Although pensioners in the South East enjoy the highest average incomes (£15,184), theirs is the only region where pensioner incomes have fallen since 2013. Combined with rising costs, the loss of just £1 a week or £52 a year after tax still means that the South East’s elderly population has been hit by the biggest increase in the care cost vs. income gap, which has grown by 4.5% in the last year to £17,576 or £338 a week.

This shortfall is 71% higher than in the North East, where care home costs are the lowest (£24,648 – £8,112 lower than the South East) and where pensioners have also benefitted from a 2.6% increase in their income over the last year.

It means the annual shortfall between income and care costs in the North East has fallen by 3.4%: the biggest improvement of any UK region. Pensioners in the North East continue to experience the smallest care cost vs. income gap across the country, although they still face a shortfall of £10,000 if they need to fund residential care from their income.

 

Scotland is the only region to have seen a fall in the cost of a care home over the last year, with annual fees down by £17 on average to £27,768.

 

Region 2014 annual cost of a care home 2014 annual pensioner income Annual shortfall
East of England £30,888 (+0.9%) £14,924 (+0.0%) £15,965 (+1.7%)
East Midlands £25,220 (+2.0%) £13,000 (+1.2%) £12,220 (+2.9%)
London £31,564 (+0.1%) £15,080 (+0.7%) £16,484 (-0.5%)
North East £24,648 (+0.0%) £14,404 (+2.6%) £10,244 (-3.4%)
North West £26,832 (+2.1%) £13,676 (+3.1%) £13,156 (+1.1%)
Scotland £27,768 (-0.1%) £13,468 (+0.0%) £14,300 (-0.1%)
South East £32,760 (+2.2%) £15,184 (-0.3%) £17,576 (+4.5%)
South West £31,512 (+0.5%) £14,092 (+2.3%) £17,420 (-0.9%)
Wales £28,496 (+0.1%) £13,312 (+2.8%) £15,184 (-2.1%)
West Midlands £27,664 (+1.9%) £13,728 (+0.8%) £13,936 (+3.0%)
Yorkshire and the Humber £27,976 (+2.0%) £13,052 (+2.9%) £14,924 (+1.3%)
Average £28,666 (+1.1%) £13,993 (+1.4%) £14,674 (+0.7%)

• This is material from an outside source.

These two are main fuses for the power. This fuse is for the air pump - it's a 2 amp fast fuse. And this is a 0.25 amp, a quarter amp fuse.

    (Annual increase shown in brackets)

Jonathan Bruce, Managing Director of Prestige Nursing + Care said:

“The fact that care home fees have grown at a slower rate than in previous years will be scant consolation for pensioners as the cost gap continues to widen in real terms. As council cuts drastically reduce eligibility for financial support in all but the most severe cases – with more cuts planned – many people are staring at a cavernous divide between their income in later life and the sums needed to pay for residential care.

“It is no surprise that older people often feel pressured into relying on family or selling their homes if the need for long term care becomes a reality. The widening gulf between costs and incomes threatens to place even more pressure on unpaid carers as pensioners struggle to make their incomes stretch to fund round-the-clock support.

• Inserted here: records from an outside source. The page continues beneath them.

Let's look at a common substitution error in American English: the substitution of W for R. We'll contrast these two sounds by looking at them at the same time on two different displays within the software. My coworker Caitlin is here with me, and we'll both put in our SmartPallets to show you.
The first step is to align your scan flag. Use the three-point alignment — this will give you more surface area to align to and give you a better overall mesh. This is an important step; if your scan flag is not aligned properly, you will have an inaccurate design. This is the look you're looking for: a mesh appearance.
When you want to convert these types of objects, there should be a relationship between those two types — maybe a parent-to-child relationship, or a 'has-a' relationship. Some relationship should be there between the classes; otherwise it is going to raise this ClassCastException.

“Care at home is often far more cost effective than residential care, allowing people to remain in the comfort of their own homes and use preventative measures to help maintain their independence. Promoting the role of domiciliary care is vital so that vulnerable people can access the support they need at a price they can afford.

“Of course, any form of care still comes at a cost and the issue of funding is further complicated by pension changes resulting from the Budget. There is a huge potential for confusion over how greater access to pension savings will impact on means-testing for care, and we need far more clarity to avoid leaving thousands of pensioners struggling to find the funds to pay for help.”